I wonder if DST the reason why FUNi’s Psycho-Pass is an hour behind. Was it also an hour late in October? Even more side speculation: did AN move back their Hidasketch stream? Anyway, these are just side questions.
Some immediate observations. You can reconcile them to those above data as you will.
Simulcast with 1 week delay is no longer very useful. I’d say it even loses its main purpose for existing. I watch the fansubs for Oniai, because I have to watch it week-to-week, even if I do have access to FUNi’s simulcast. “Why do I have to be in a hurry?” I don’t, and I am not, but then I would be doing a pretty lousy job of episode blogging. That’s okay, the onus is on me, but obviously here “simulcast” is not an enabler as per its moniker on a practical level.
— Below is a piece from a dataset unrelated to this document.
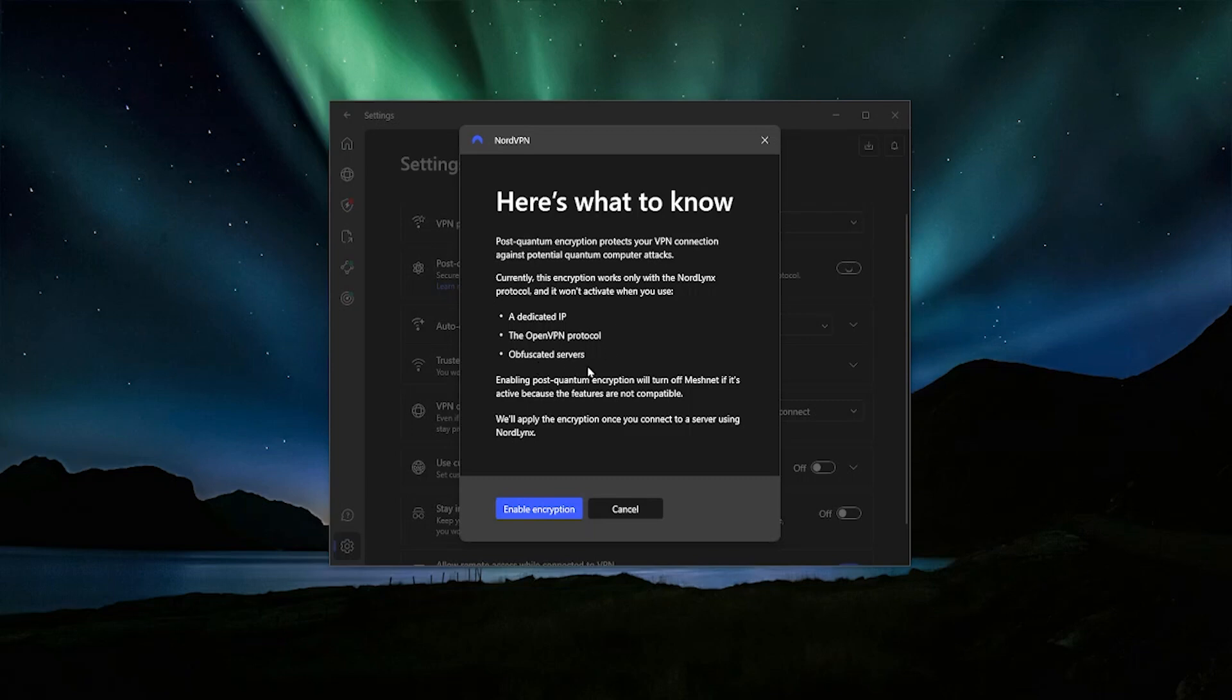And I say that the obfuscated servers are the most notable here because these are really important when you're using a VPN. What they do is hide the fact that you're even using a VPN. So a lot of websites will try to detect that you're using a VPN and may block you if they see that you're using one. And that's why NordVPN has their obfuscated servers, which are special servers that use the OpenVPN protocol to hide the fact that you're even using a VPN. So if you want the post-quantum support, you're going to have to give up on that benefit.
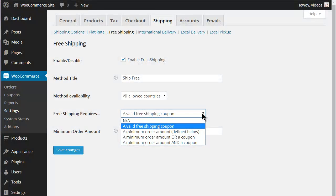Whichever conditions or combination of conditions are used to set up the Free Shipping option, be sure to test them completely before applying to a live site.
However imagine if you didn’t have FUNi’s Elite access–you’ll be waiting 2 weeks to watch it. That takes all the air out of following a show up to date; you’re basically better of waiting until the season is over. And in that sense, 2 weeks of delay is not so different than 13 weeks of delay. I’m not quite ready to say that for 1 week of delay, however.
I do watch some shows right when it comes out via simulcast. For whatever the reason, historically, I watch noitaminA shows the day it airs (well, < 36hr), partly thanks to FUNi’s vigilant effort, which gets proper follow up by CR. Now that FUNi is doing it this season, it gets the job done partly…for the most part. Here is the first new finding: I associate Psycho-Pass with Robotic;Notes because of their brand name, programming segment. So in that sense, if I am reminded to watch one I will also watch the other. Unfortunately, because of the 1-day delay between the two streams I end up watching Robotic;Notes often days later (during the weekend), since I am usually unable to remind myself of Robotic;Notes if I already watched Psycho-Pass on Thursday. It’s funny and it shows me getting longer in the tooth, but more than once I would try to watch Robotics;Notes on a Thursday and go “oh, it’s not out yet.”
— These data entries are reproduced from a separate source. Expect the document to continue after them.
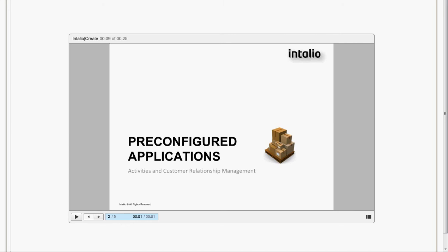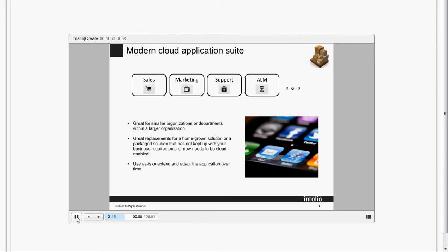Welcome to Intaglio, my name is Roberto Pasti. I will show you today the pre-configured applications.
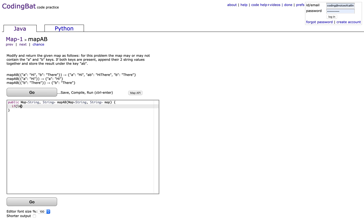So if the map contains both key A and B, so map.containsKey A and map.containsKey B.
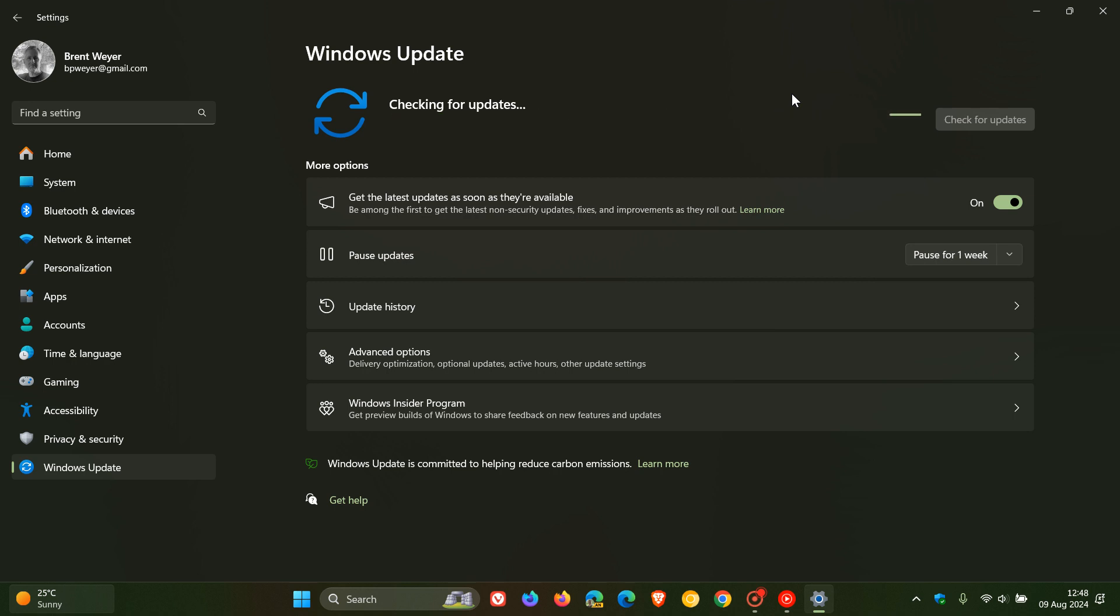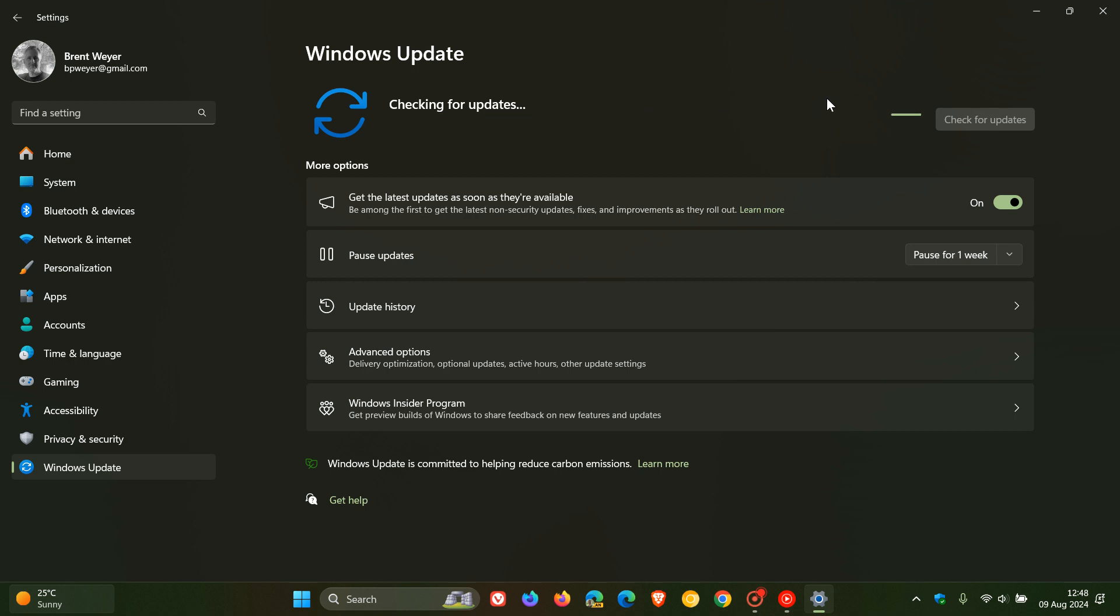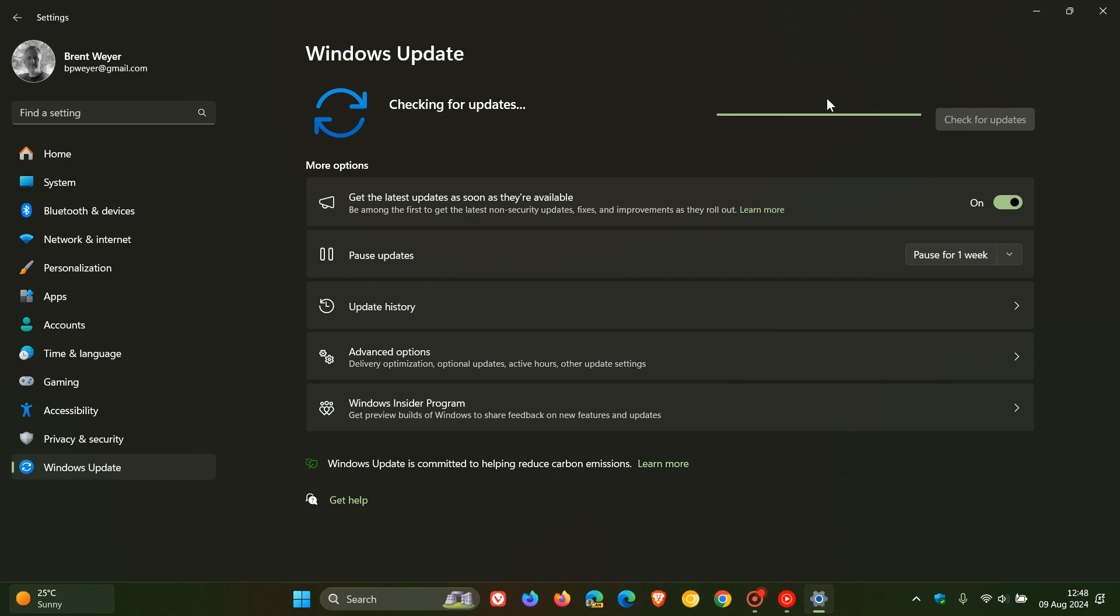But if it hasn't already, you can just check for updates on the Windows Update page, as I've mentioned previously on the channel, and that should force the update because feature updates are optional unless we get closer. And the closer we get to that cutoff date for the end of support, you could wake up one morning and your machine's been upgraded from 22 H2 to 23 H2 because Microsoft will start pushing out automatic updates.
The second note is that simulcasts during the week often works okay if it’s delayed until the weekend. I don’t know, I can watch more anime during the weekend. I don’t often do so, but I can catch up if the opportunity presents itself. This tends to happen with K, Chuunikoi, and Jormungand, even if those aren’t really delayed so much (in K’s case, not really even).
Some shows just makes putting off easier than other. I think despite Space Bro and Muv-luv being simulcasted on the weekend I tend to watch them during the week. Part of that is also my weekends tend to be pretty busy, and both shows screen on Sunday, which I always have less free time than Friday night or Saturday. You can’t pre-catch-up to a show that hasn’t aired, etc. If it means anything, I used to watch both shows last season right around when they first come up, or at least by Sunday night at the latest; not so much this season.
I don’t have an AN account anymore, so I don’t even follow Hidamari Sketch and Chuunikoi very closely and I probably shouldn’t count them as I have no access to those streams. Even so, I watch them within 14 days, usually less than 7, of broadcast. Actually I don’t even keep track of their airing dates, and I look for them during lulls in my viewing schedule. If we use this as some kind of control case, I probably average 1-2 days for Chuu2koi and closer to a week for Hidamari Sketch.
It seems any delay less than 24 hours is not a big deal. I tend to watch them with that sort of lead time. I’d say 36 hours, maybe. I stopped tracking when things are released when the delay gets more than 1 calendar day off, however. Medaka Box is a show that has a tight window but I tend to put it off, despite that it might be a nice show to watch on the dot every week, and despite that it has a relatively short delay. It does have a relatively harmless delay on top of being short, too, so it mitigates things.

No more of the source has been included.